NASA and University of Michigan researchers discovered a security hole that could endanger spacecraft under the right (or incorrect) conditions. The team uncovered a vulnerability in time-triggered Ethernet (TTE), a feature that allows essential systems to coexist with small ones on the same networking hardware. An intruder can send bogus sync messages by sending electromagnetic interference through copper Ethernet cables into network switches, causing a “gap” in the activity of the switch and allowing bogus data to pass through. The TTE gadget will eventually lose sync and behave unpredictably.
The attack requires placing a small device on the network, so remote breaches are unlikely. However, the consequences could be serious. The scientists tested the vulnerability using real NASA machinery to recreate a planned asteroid redirection test.

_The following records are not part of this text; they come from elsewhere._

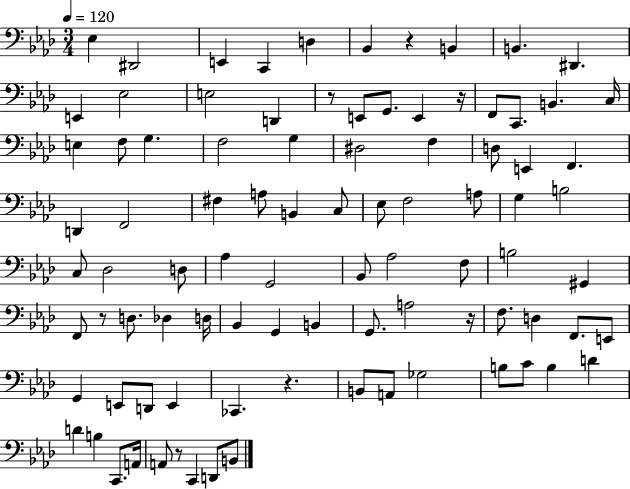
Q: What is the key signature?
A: AES major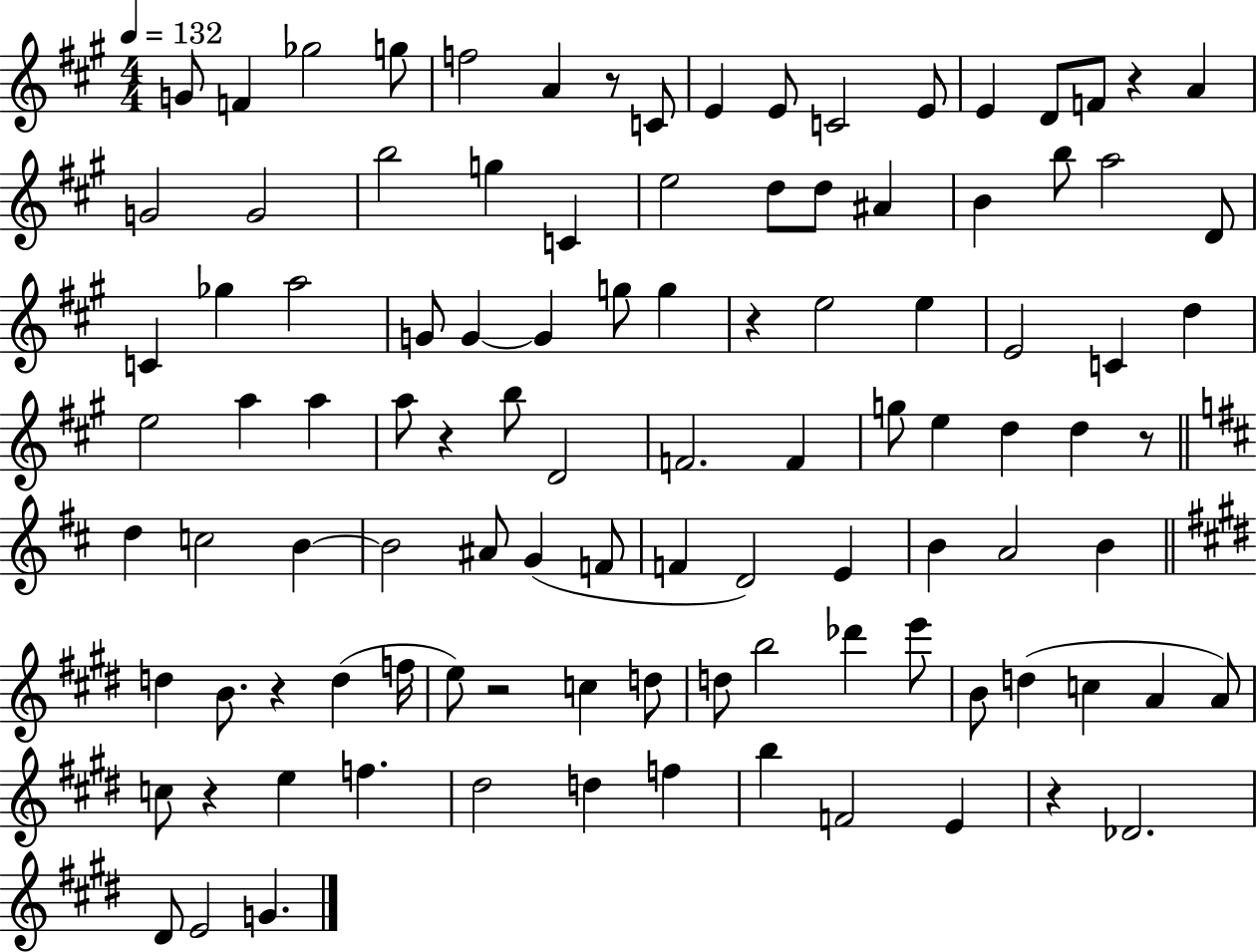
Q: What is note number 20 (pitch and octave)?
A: C4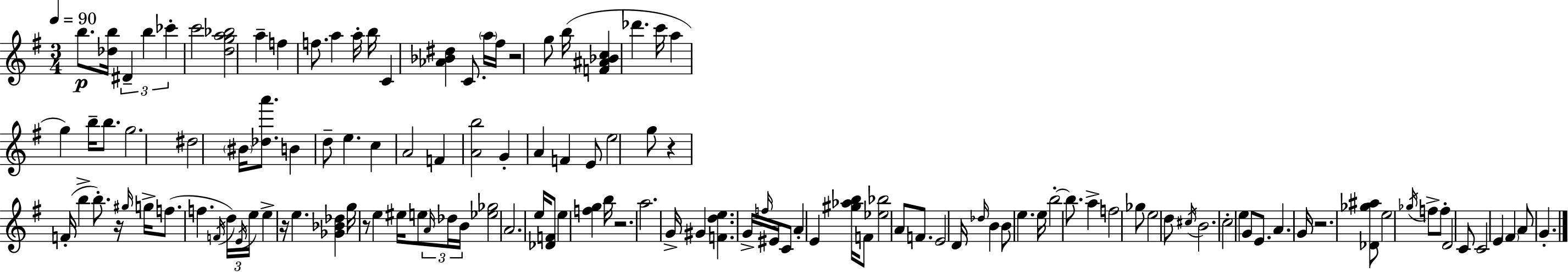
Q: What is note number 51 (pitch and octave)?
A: E5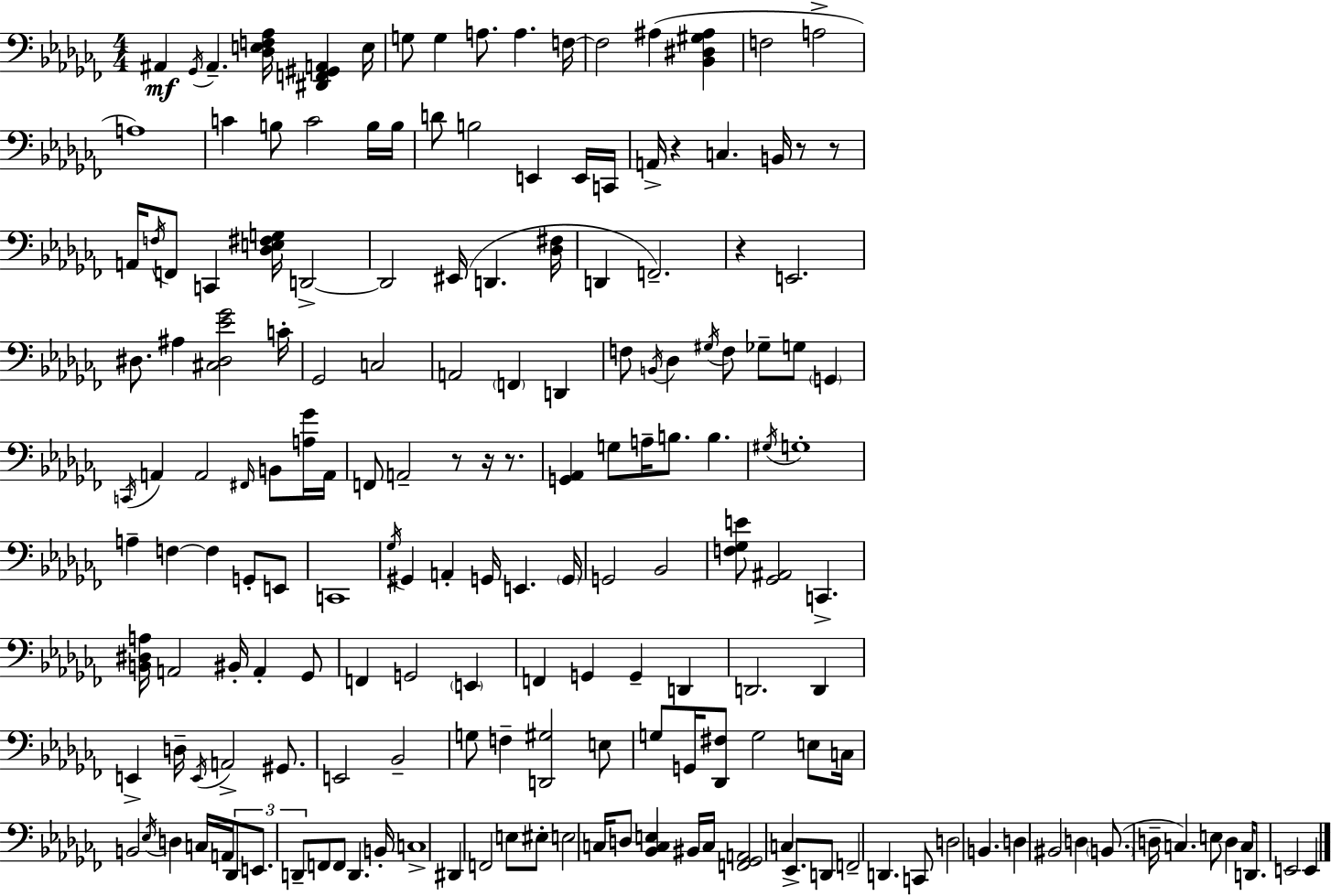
X:1
T:Untitled
M:4/4
L:1/4
K:Abm
^A,, _G,,/4 ^A,, [_D,E,F,_A,]/4 [^D,,F,,^G,,A,,] E,/4 G,/2 G, A,/2 A, F,/4 F,2 ^A, [_B,,^D,^G,^A,] F,2 A,2 A,4 C B,/2 C2 B,/4 B,/4 D/2 B,2 E,, E,,/4 C,,/4 A,,/4 z C, B,,/4 z/2 z/2 A,,/4 F,/4 F,,/2 C,, [_D,E,^F,G,]/4 D,,2 D,,2 ^E,,/4 D,, [_D,^F,]/4 D,, F,,2 z E,,2 ^D,/2 ^A, [^C,^D,_E_G]2 C/4 _G,,2 C,2 A,,2 F,, D,, F,/2 B,,/4 _D, ^G,/4 F,/2 _G,/2 G,/2 G,, C,,/4 A,, A,,2 ^F,,/4 B,,/2 [A,_G]/4 A,,/4 F,,/2 A,,2 z/2 z/4 z/2 [G,,_A,,] G,/2 A,/4 B,/2 B, ^G,/4 G,4 A, F, F, G,,/2 E,,/2 C,,4 _G,/4 ^G,, A,, G,,/4 E,, G,,/4 G,,2 _B,,2 [F,_G,E]/2 [_G,,^A,,]2 C,, [B,,^D,A,]/4 A,,2 ^B,,/4 A,, _G,,/2 F,, G,,2 E,, F,, G,, G,, D,, D,,2 D,, E,, D,/4 E,,/4 A,,2 ^G,,/2 E,,2 _B,,2 G,/2 F, [D,,^G,]2 E,/2 G,/2 G,,/4 [_D,,^F,]/2 G,2 E,/2 C,/4 B,,2 _E,/4 D, C,/4 A,,/4 _D,,/2 E,,/2 D,,/2 F,,/2 F,,/2 D,, B,,/4 C,4 ^D,, F,,2 E,/2 ^E,/2 E,2 C,/4 D,/2 [_B,,C,E,] ^B,,/4 C,/4 [F,,_G,,A,,]2 C, _E,,/2 D,,/2 F,,2 D,, C,,/2 D,2 B,, D, ^B,,2 D, B,,/2 D,/4 C, E,/2 D, C,/4 D,,/2 E,,2 E,,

In a simulation, the TTE exploit produced a knock-on effect severe enough that the crew capsule strayed from its course and missed a crucial docking procedure.
There are simple safeguards, if not necessarily problem-free. Vehicle designers could replace copper Ethernet with fiber optic cables or place optical isolators between switches and devices, so long as they’re willing to accept sacrifices in cost and performance. Engineers could also change the network layout to prevent fake sync messages from taking the same path as legitimate ones, although that will clearly take time.
NASA and the university stress that there’s no “current” known threat. However, the method could also be used to compromise aircraft, power plants and industrial control systems that rely on TTE. Theoretically, a saboteur with physical access could disrupt critical infrastructure in a way that might not be immediately obvious.